-- WHAT YOU NEED TO DO --
Quote all of the data exactly as given. Skip every picture it contains.

-- AVAILABLE RECORDS --

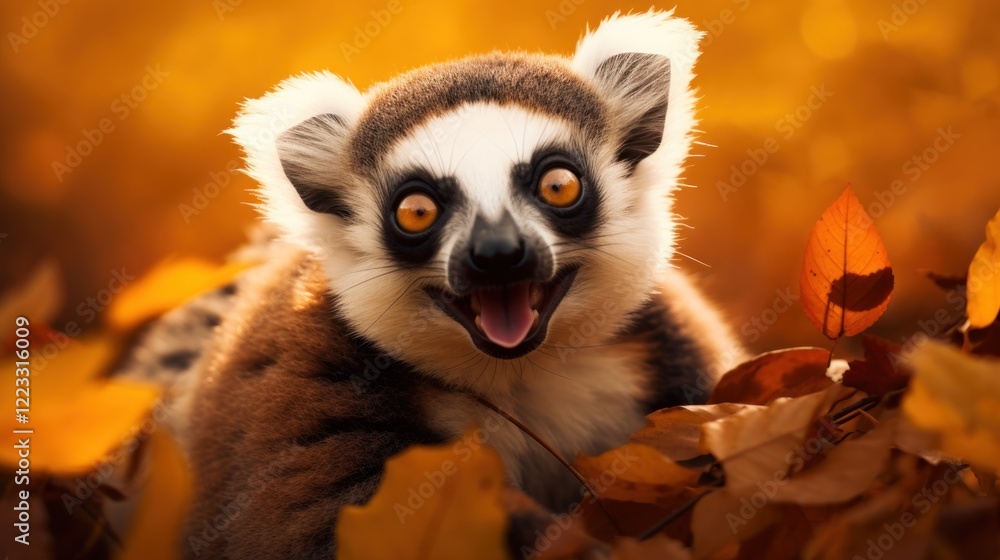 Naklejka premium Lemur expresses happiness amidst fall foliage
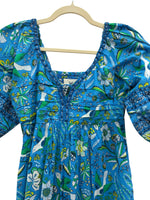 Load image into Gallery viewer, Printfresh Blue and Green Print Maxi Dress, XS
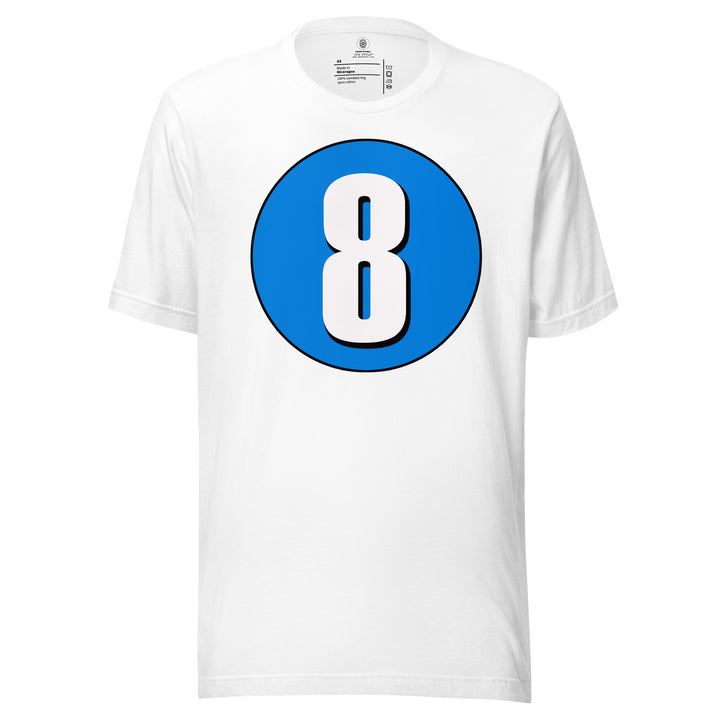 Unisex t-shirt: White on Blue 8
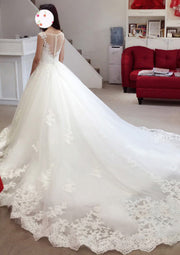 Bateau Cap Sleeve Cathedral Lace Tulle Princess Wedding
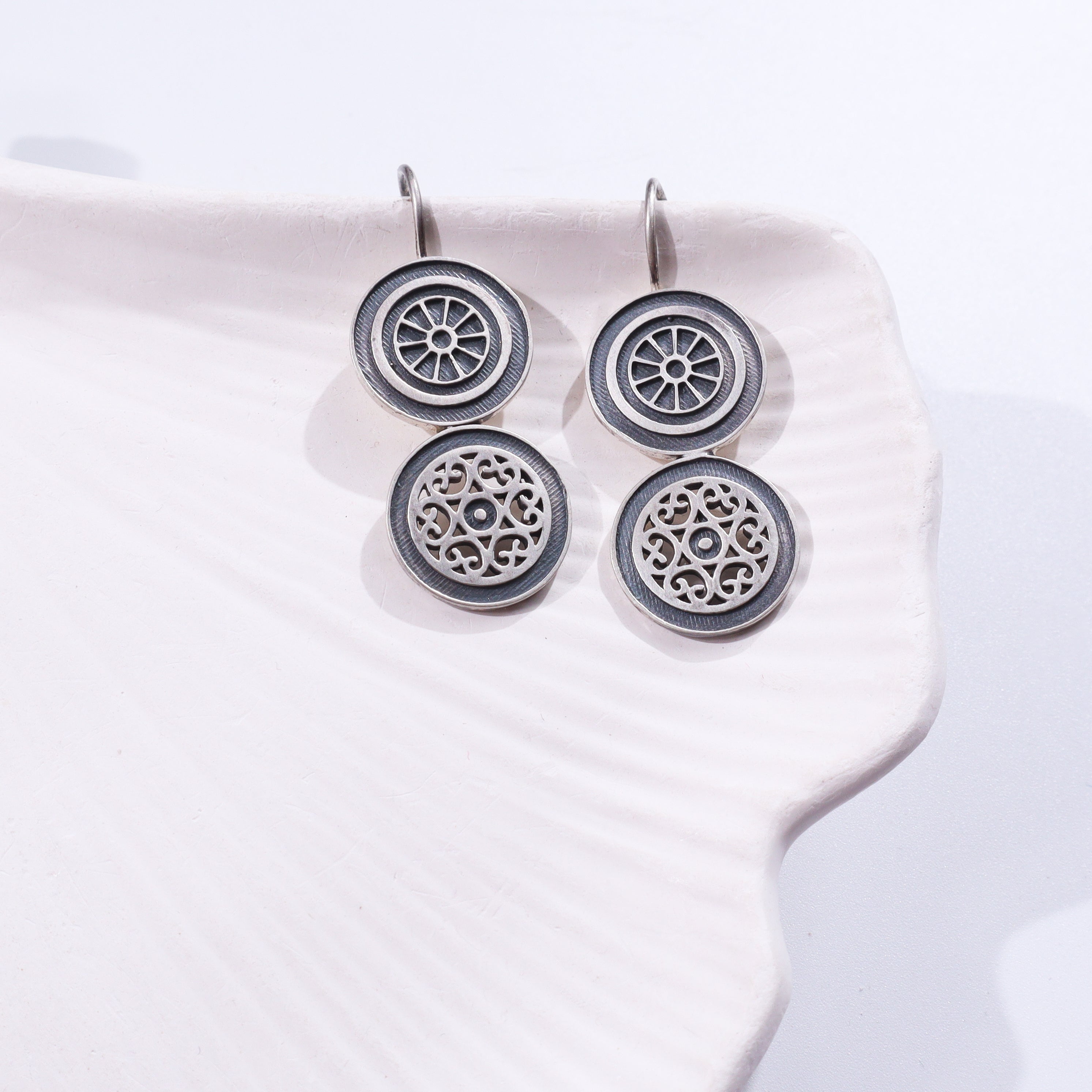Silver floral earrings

-- RESPONSE TO THIS TASK --
 Naklejka premium Lemur expresses happiness amidst fall foliage
 Load image into Gallery viewer, Printfresh Blue and Green Print Maxi Dress, XS
 Unisex t-shirt: White on Blue 8
 Bateau Cap Sleeve Cathedral Lace Tulle Princess Wedding
Silver floral earrings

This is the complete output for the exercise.